I start with the header line of the CSV file because it contains all the column names. I use head to grab the first line and save it to 'campus_header' file. This file has all the column names in a single line, so I use sed to to add a newline and write the output to 'campus_dropout_raw.sql' file. Note that I use an actual carriage return instead of the newline ('\n') because of a limitation in sed. Use 'cat' to see the new file.

To finish up the SQL we'll add the CREATE TABLE statement and the closing parentheses using sed. We want to only operate on the first line of the file so we user '1s' to perform the substitution. Note that the output is redirected to a temporary file because this version of sed lacks in place editing. We take the temp file and add the varchar type definition and closing parentheses using sed again. Note that we want to only operate on the last line of the file so we use '$s'. The output is redirected to the 'campus_dropout_raw.sql' file.

Now we have a SQL file to create the table holding the raw TEA campus dropout rates. One of the problems of the file is that all the data is mixed between numeric and text types especially for the fields used to calculate the rate. Fortunately, the dropout rate fields contain the calculated rate as numeric values. We can create a table with the dropout ratio defined as a numeric value instead of a character string. Later on, we will use the raw data to populate the actual dropout rate table.

In the previous example we wanted to get all the column names, but in this example we want to get just the column names with the different dropout rates. We use tr to add carriage returns after the comma then send it to sed to extract the fields of interest.
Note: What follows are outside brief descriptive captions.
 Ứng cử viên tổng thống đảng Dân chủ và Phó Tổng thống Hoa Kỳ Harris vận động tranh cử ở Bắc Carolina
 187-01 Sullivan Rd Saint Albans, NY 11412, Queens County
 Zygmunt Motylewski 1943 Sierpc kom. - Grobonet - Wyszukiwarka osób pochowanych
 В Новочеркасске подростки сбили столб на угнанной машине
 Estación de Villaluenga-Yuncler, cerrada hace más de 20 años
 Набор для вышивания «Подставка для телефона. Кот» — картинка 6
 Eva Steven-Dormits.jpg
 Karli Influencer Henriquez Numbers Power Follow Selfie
Luckily, the dropput rates occur in a regular pattern so we use '2~3p' to specify that starting on the second line extract every third line in the file. We then send the ouput to a file called campus_dropout_rate.sql.

If we look at the output file using cat, we can see it extracted the desired lines plus a few extra at the end. To get a clean file of only the dropout rate fields we extract the first 21 lines and redirect it to a 'tmp' file. To get the count of the lines we want, use wc to get the total number of lines and subtract the lines you don't want. Add the numeric type definitions using sed and redirect the output to the 'first' file.

The remaining nine fields in the campus_header file are useful fields that contain the campus identifier as well as other important information such as school name. We want those fields so we extract them using tr and tail and write the results to a 'tmp' file. As in the previous example, add the varchar type definition using sed and write the output to the 'last' file. We glue the 'first' and 'last' file using the cat command and redirect the output to the campus_dropout_rate.sql file. Finally, we finish by adding the CREATE TABLE statement and closing parentheses was we did in the previous example.

In this section, we used command line utilities to clean up files and create SQL scripts to create tables in Postgres. Repeat the process for the district dropout rate data. When we have completed the cleaning and making SQL scripts for the district data, we'll be ready to import the data into Postgres.

Importing CSV files into Postgres
In this section we will use PGAdmin and the SQL editor to load the data. Open PGAdmin III, select the 'texas' database, and click on the 'SQL' button to launch the SQL editor.

In the SQL query window, click on the 'File'>'Open' to open the campus_dropout_raw.sql file. Load the file, then click on Click on 'Query'>'Execute' to run the script.

Repeat the same process for the campus_dropout_rate.sql, district_dropout_raw.sql, district_dropout_rate.sql files. You should have four new tables listed when you are finished.

The final step is to import the raw data and insert the cleaned data in to the campus and district rate tables. Postgres provides the COPY command to import text files into tables. You can use the SQL window to write and execute SQL. Clear the the window by clicking on 'Edit'>'Clear window' and type the following and substituting the appropriate path.

The next step is to populate the campus_dropout_rate table from the table containing the raw data. To do this, we use and INSERT statement to copy the data and convert the data to a numeric type. Using the same techniques in the previous example, I created this script.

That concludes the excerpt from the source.